The Usage Game: Catering to Perverts

Geoffrey K. Pullum
University of Edinburgh

[To be presented at the Cambridge Symposium on Usage Guides and Usage Problems, 26–27 June 2014.]

ABSTRACT

I am sure most educated users of works on grammar and usage believe that they seek a sensible relationship in which they are treated like grownups and provided with authoritative information about Standard English. There is a great deal of evidence, however, that what many of them really want is to be dominated, humiliated, and punished. They yearn, they positively lust, to be forced to use their language in certain ways and to be disciplined for any transgressions. One sign of this is that The Elements of Style, with its 105 pages of century-old maxims from Strunk and opinionated stylistic nonsense from White, far outsells Merriam-Webster's Dictionary of English Usage, with its 978 pages of brilliant and clearly explained objective scholarship, about a century newer (and costing very little more).
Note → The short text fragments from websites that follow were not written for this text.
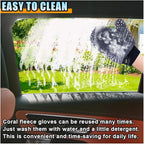 2PCS Coral Fleece Car Wash Mitts, No Scratch Microfiber Wash Mitt Car Cleaning Glove with Thumb, Reusable Dusting Mitt with Elastic Wrist Cuff for Car Washing and Detailing (Thumb Glove)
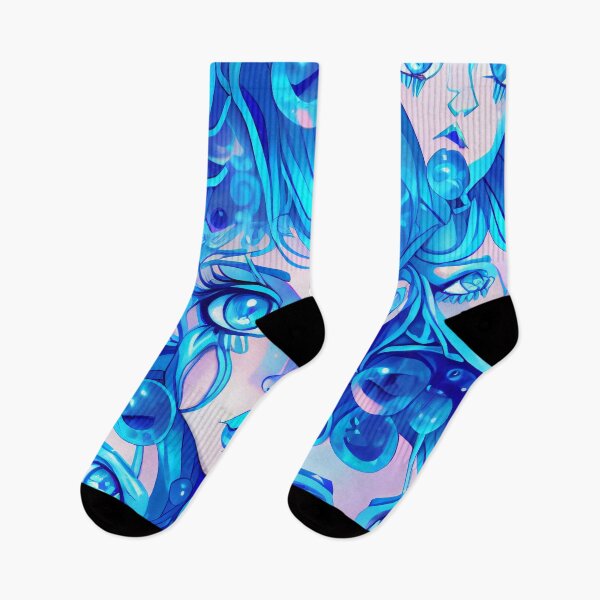 Artikelvorschau, Abstract Blue Anime Girl Pattern Digital Painting entworfen und verkauft von CodeAndColors.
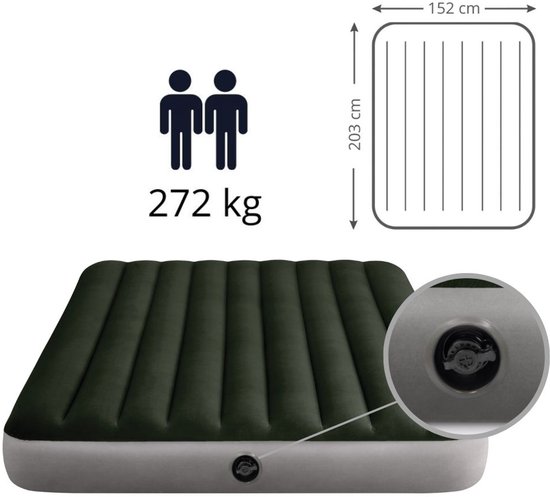 Intex Luchtbed - 2-Persoons - 152 x 203 x 25 cm - Groen - Inclusief en Hoeslaken van Intex — afbeelding 4
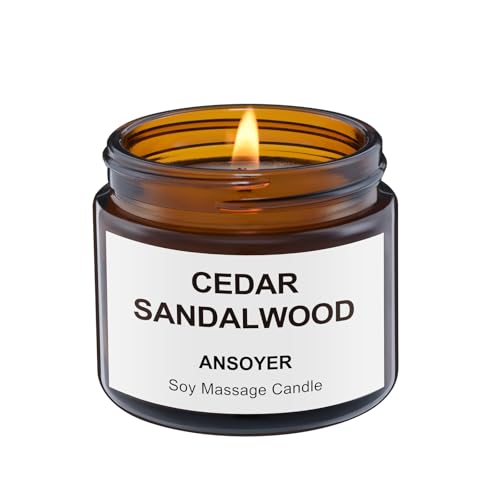 ANSOYER Massagekerze - Basis Soja + Hanfsamenöl - Massageöl & Körperöl Lotion Kerze - Home SPA Kerze zur Entspannung - 1.77OZ (Zedernholz Sandelholz) von ANSOYER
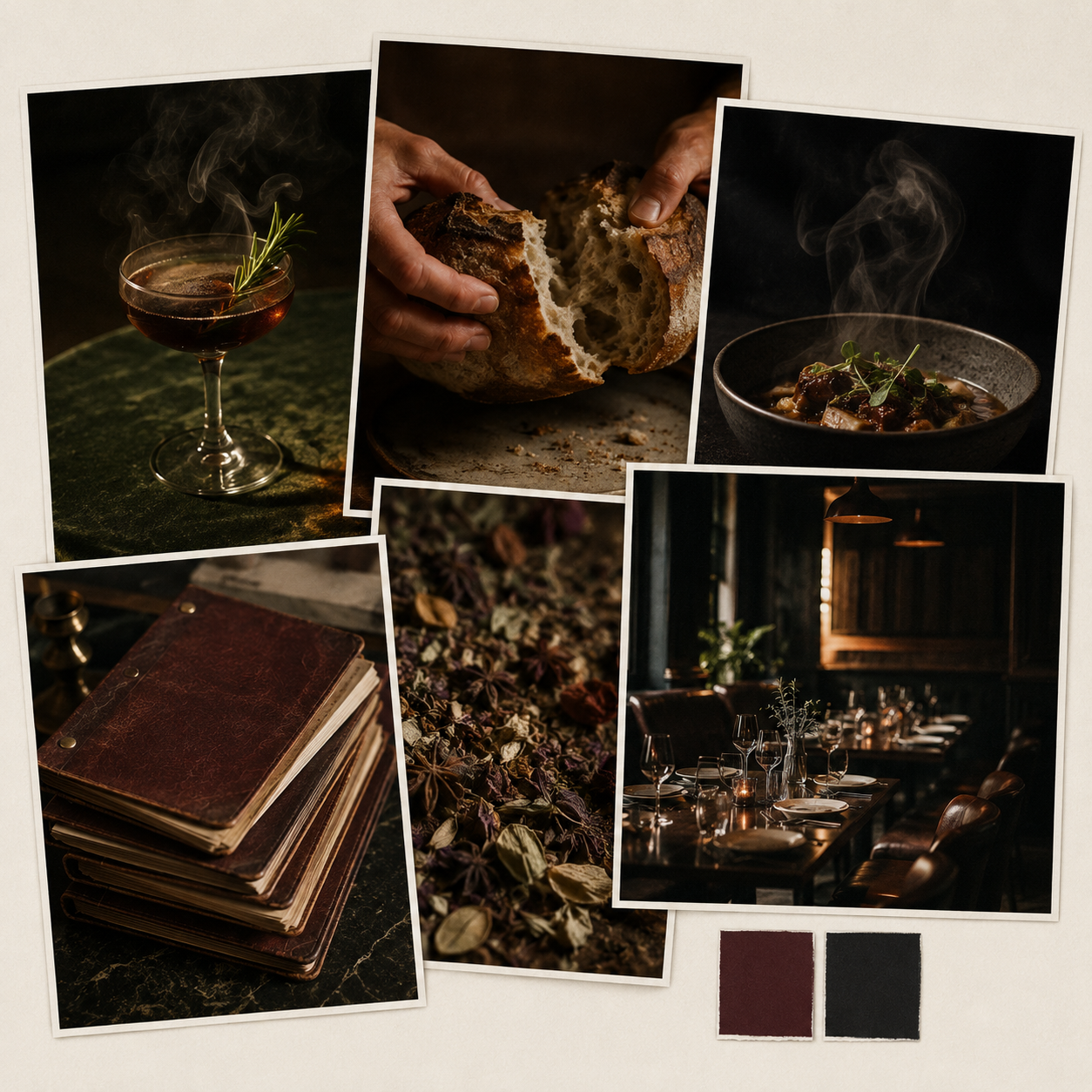 A collage of five photographs depicting a dark dining setting with a glass of red wine garnished with rosemary, a hand breaking a loaf of crusty bread, a steaming bowl of stew garnished with herbs, a close-up of a vintage leather-bound journal, and a dimly lit dining table set with glassware, plates, and candles, with color samples of burgundy and black.
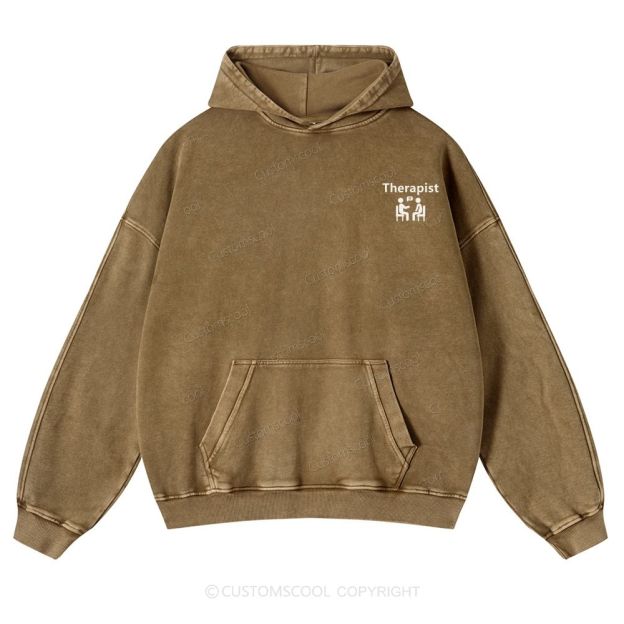 Therapist Casual Washed Hoodie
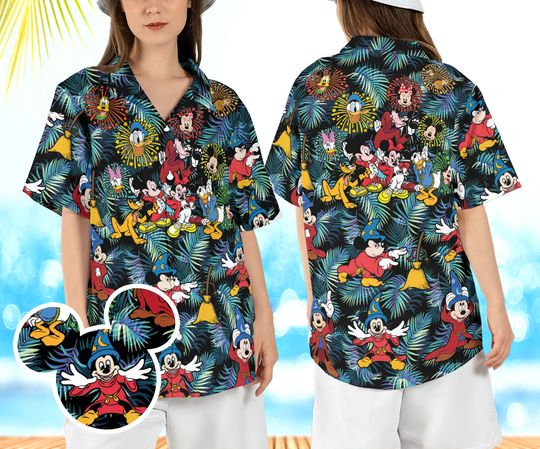 Sorcerer Mickey Hawaiian Shirt, Mickey and Friends Fantasia Hawaii Shirt, Disneyland Beach Aloha Shirt, Magical Mickey Button Up Shirt
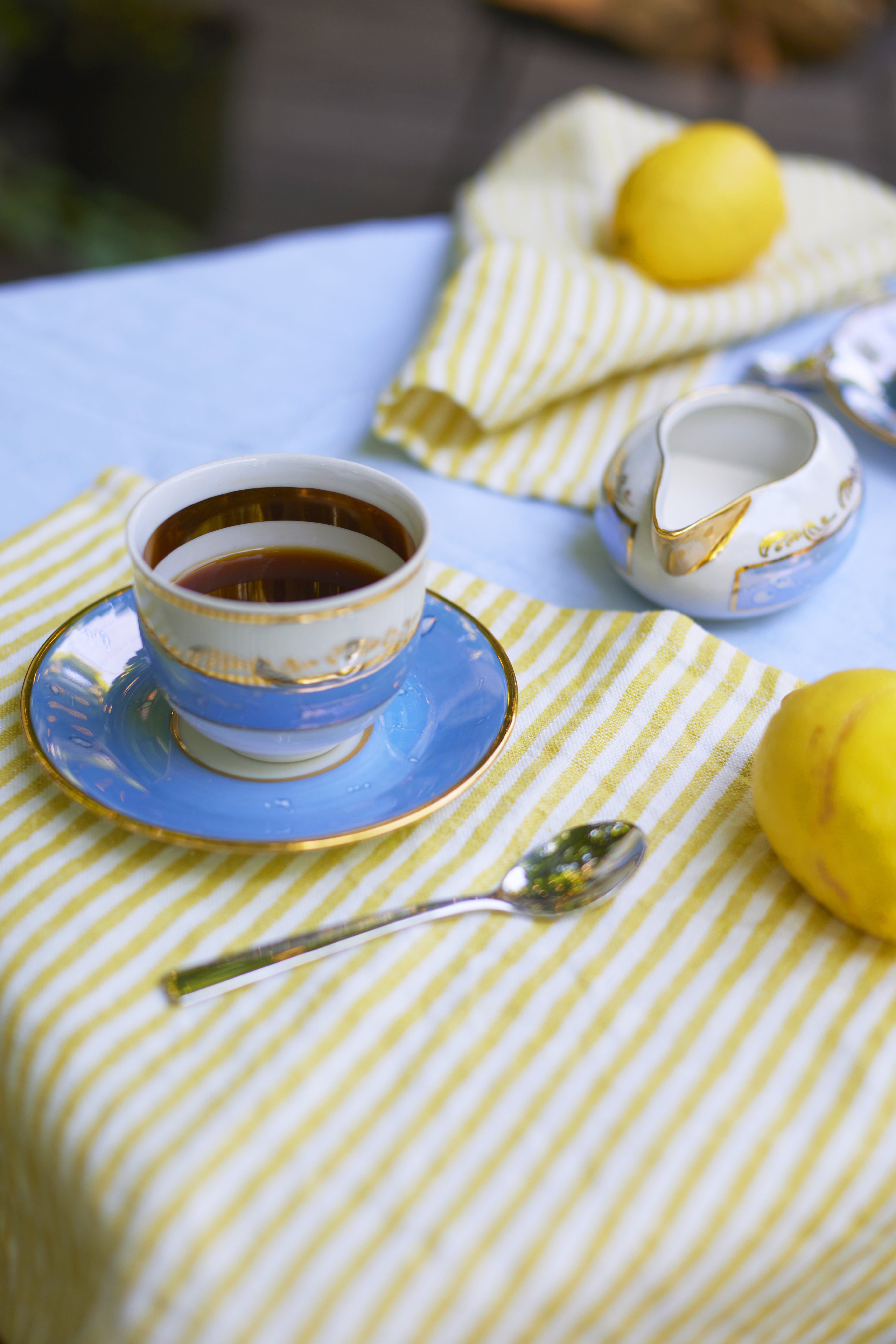 Nappe en lin bleu ciel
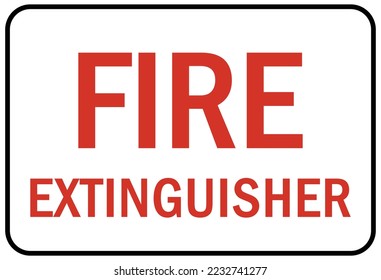 Fire extinguisher sign and label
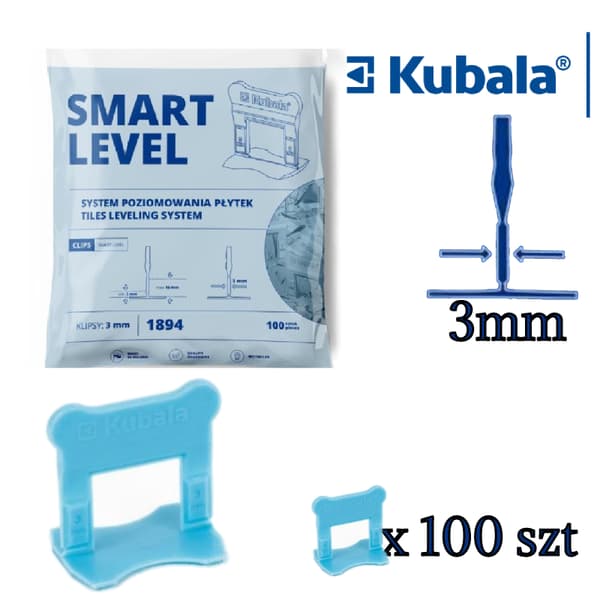 Kubala SMART LEVEL 3mm klämmor för utjämning av plattor 100st 1894
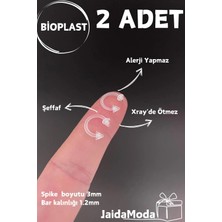 Jaida Moda Şeffaf Spike Bioplast Septum Helix Tragus Piercing 2 Adet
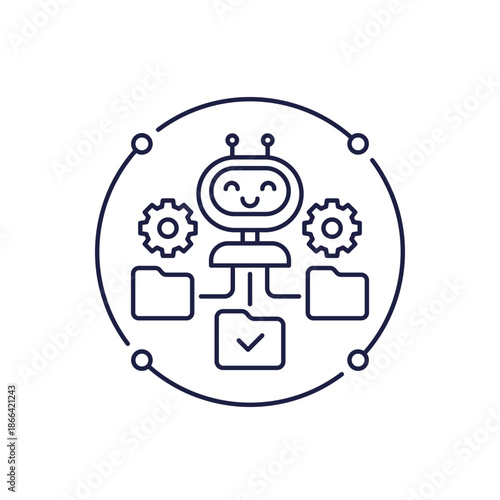 AI agent icon, artificial intelligence for tasks automation line design with robot and folders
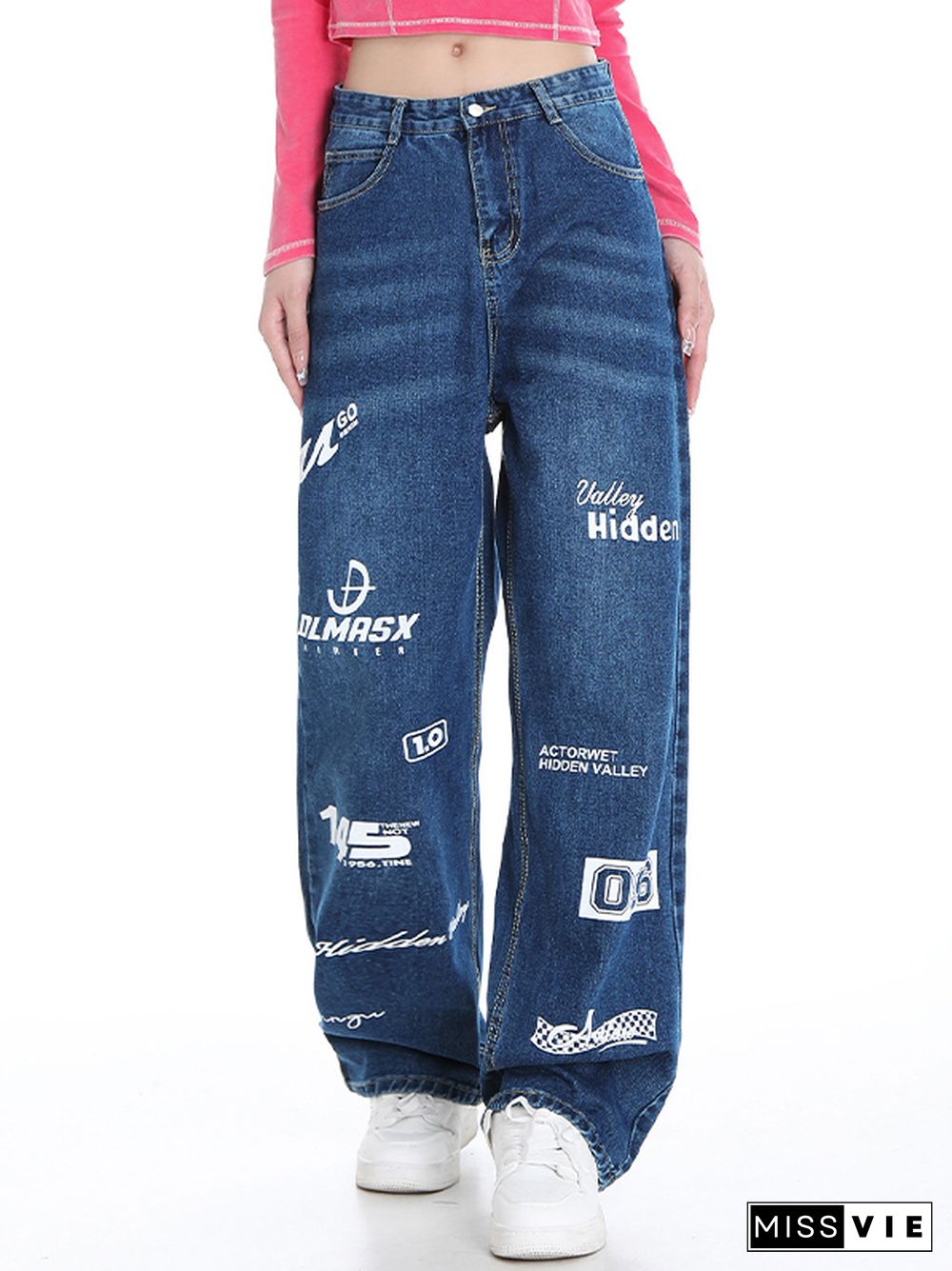 Vintage Letter Print High Rise Boyfriend Jeans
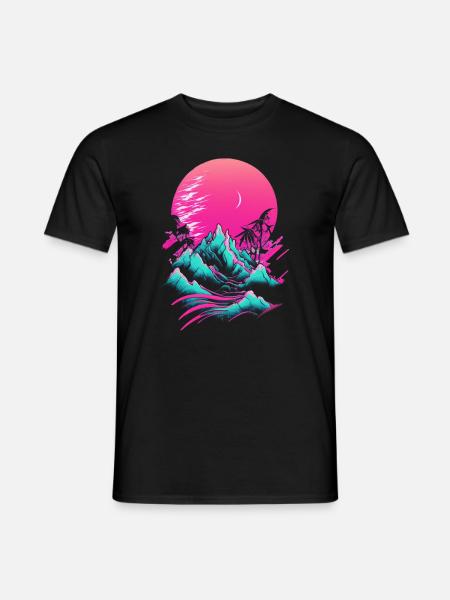 Vaporwave Abstrakte Landschaft Mond Baum - Männer T-Shirt - Schwarz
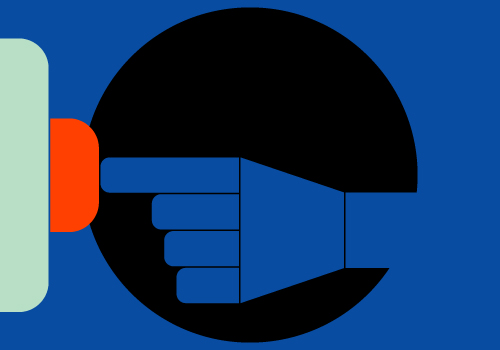 Bold blue, black and pale green abstract head-and-hand graphic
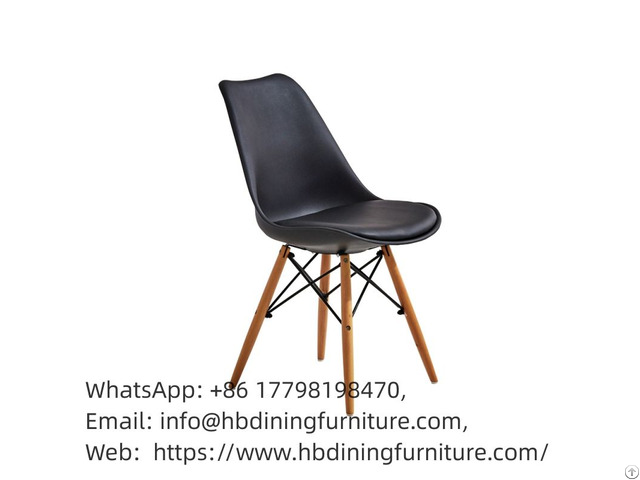 Plastic Dining Chair Metal Cross Fixed Wooden Legs Dc P03a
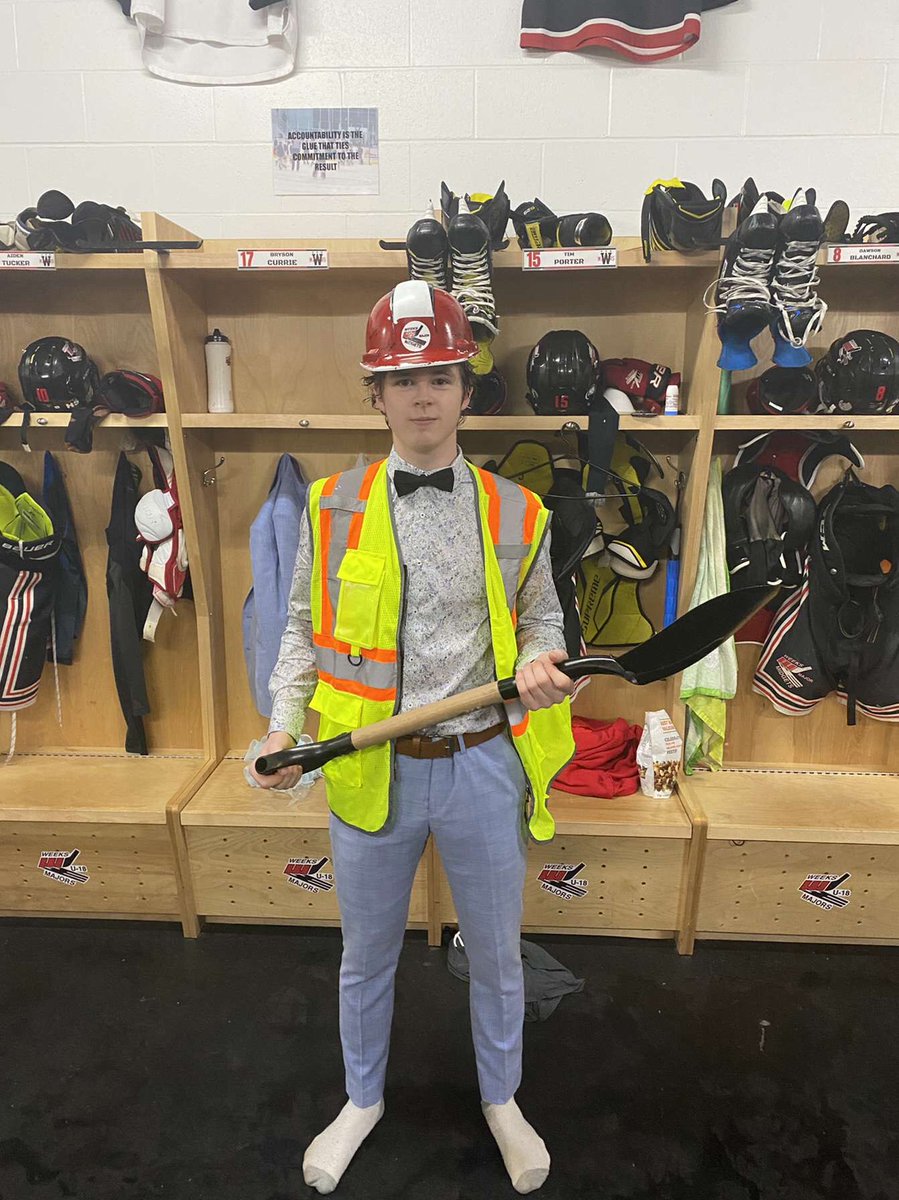 WeeksU18's tweet photo. For a great offensive performance from the back end today Tim Porter earned our hard hat!

And, for his excellent work in the cage today and battling the most when he needed to, Lane George takes the nails. https://t.co/IsYQMlreXc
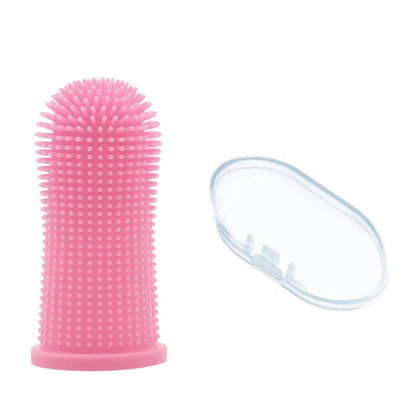 Cepillo de dientes de silicona de 360° para perros y gatos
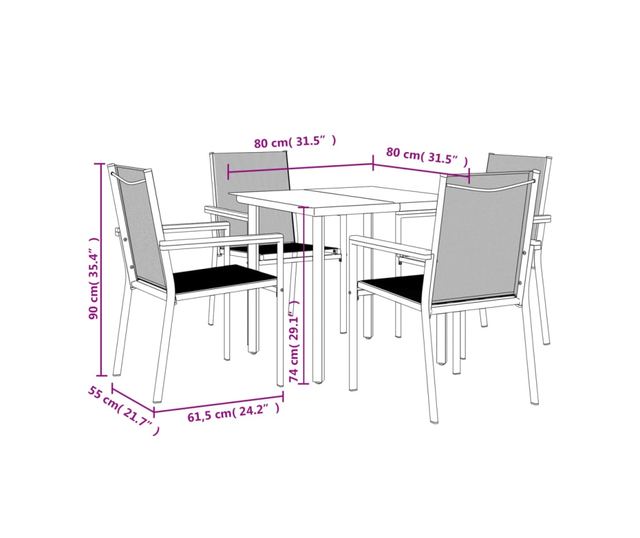 Градински комплект мебели, 5 части, Черен, Текстилен и Стомана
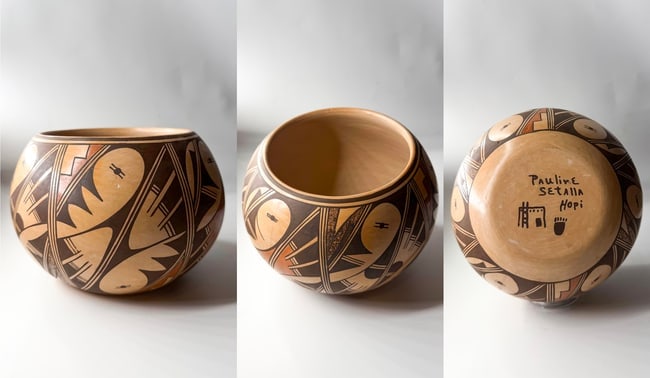 Hopi Polychrome Bowl by Pauline Setalla, Geometric Design, Signed "Pauline SETALIA Hopi" (1 of 1)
This poses a dilemma for usage guide authors. The advice of economics is of course to supply what the customer wants; but ethics may differ: usage guide authors find themselves in the role of pornographers serving a community of masochistic perverts. Worse, if they dare to provide evidence refuting myths about grammatical correctness in English they are attacked for lowering standards and promoting anarchy. I will review this problematic situation, and make some modest proposals about how the users of Standard English might be drawn out of their dark fantasy world into the daylight of mature and healthy linguistic behaviour.